- _TASK DESCRIPTION_
Everything below from the line with "TX license plate CVB7348" through the line with "Hugo - Czapka HUGO. Kolor: pomarańczowy" must be retyped exactly, except the pictures.

- _EXERCISE MATERIAL_
________________________________________

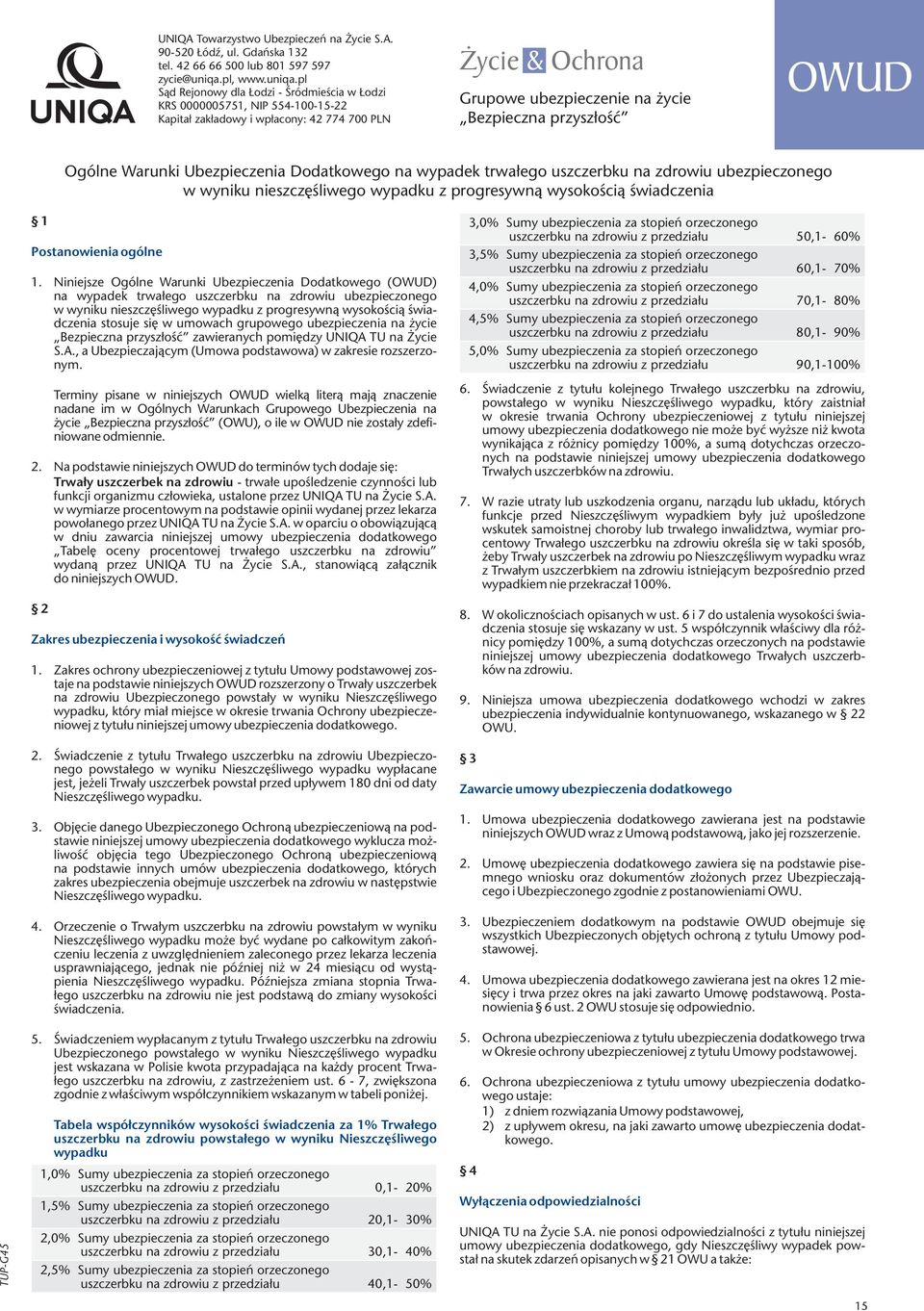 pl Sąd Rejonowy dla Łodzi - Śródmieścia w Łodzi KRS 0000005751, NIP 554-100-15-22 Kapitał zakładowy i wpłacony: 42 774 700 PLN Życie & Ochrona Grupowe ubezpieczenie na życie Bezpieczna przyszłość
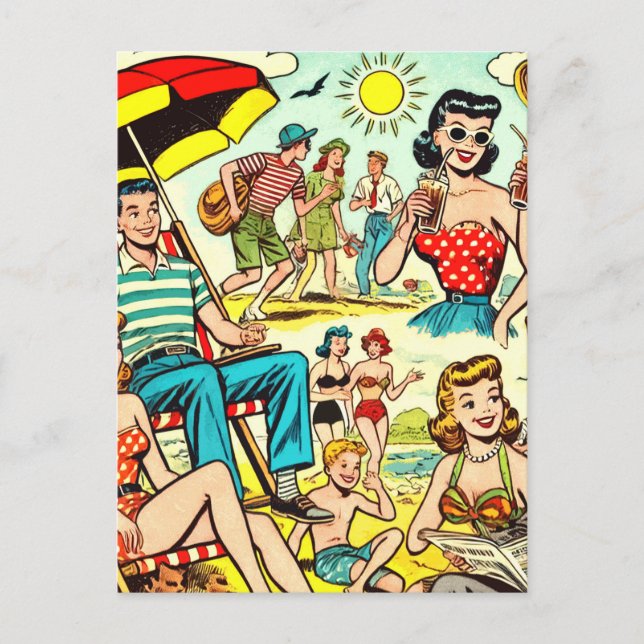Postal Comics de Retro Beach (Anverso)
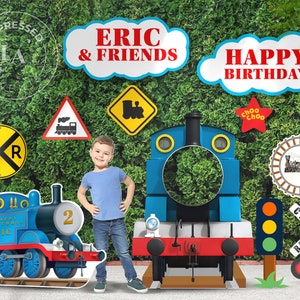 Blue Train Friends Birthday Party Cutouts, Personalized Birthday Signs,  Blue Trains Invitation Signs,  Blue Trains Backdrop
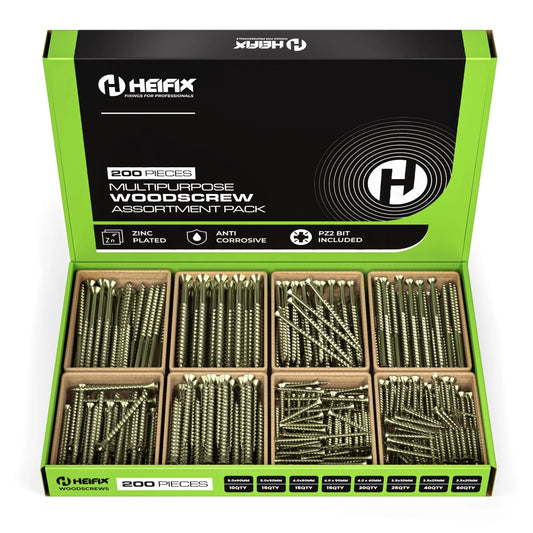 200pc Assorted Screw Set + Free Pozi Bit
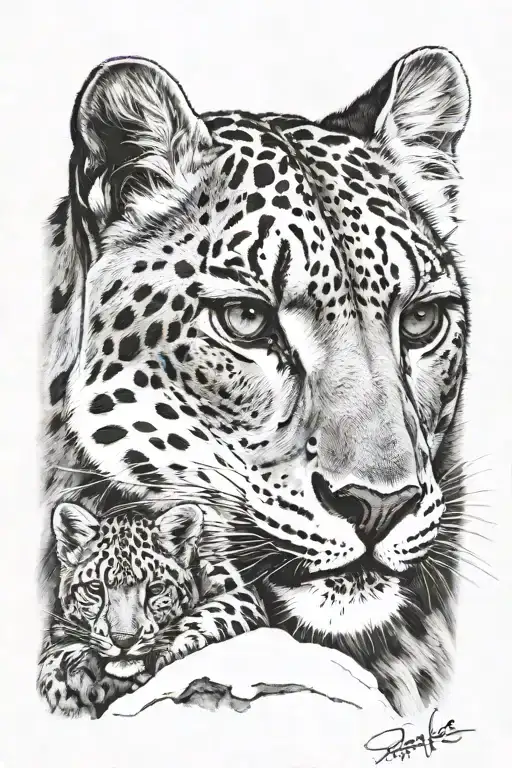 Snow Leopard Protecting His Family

________________________________________

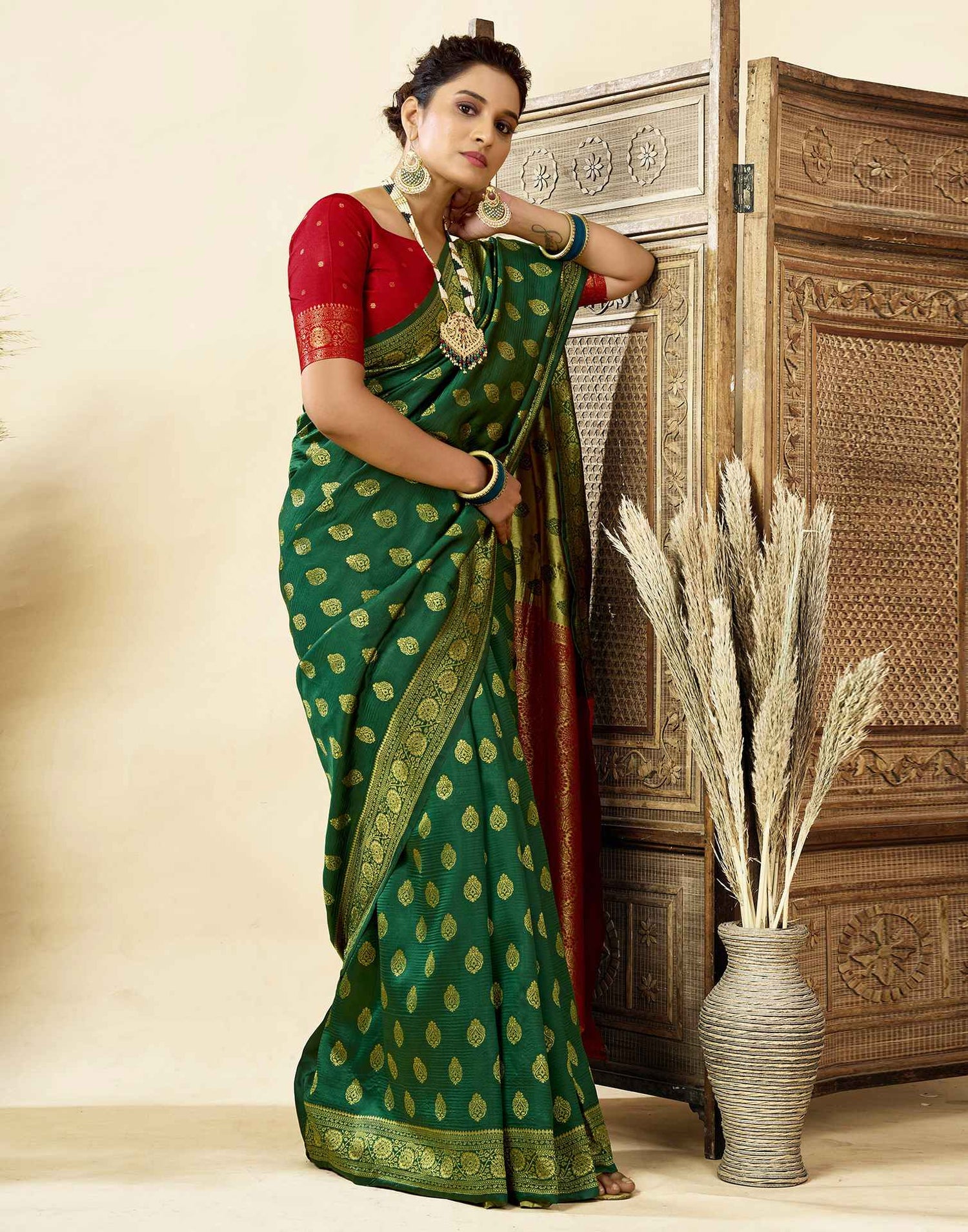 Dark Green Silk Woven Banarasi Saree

________________________________________

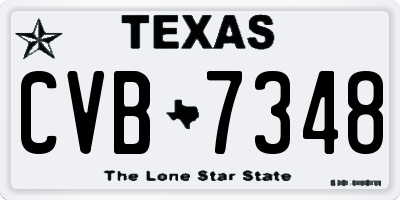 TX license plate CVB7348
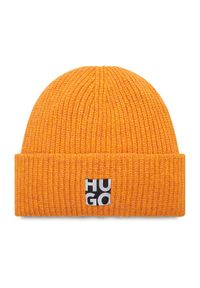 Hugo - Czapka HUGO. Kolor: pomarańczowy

________________________________________

- _RESPONSE TO THIS TASK_
 TX license plate CVB7348
 Hugo - Czapka HUGO. Kolor: pomarańczowy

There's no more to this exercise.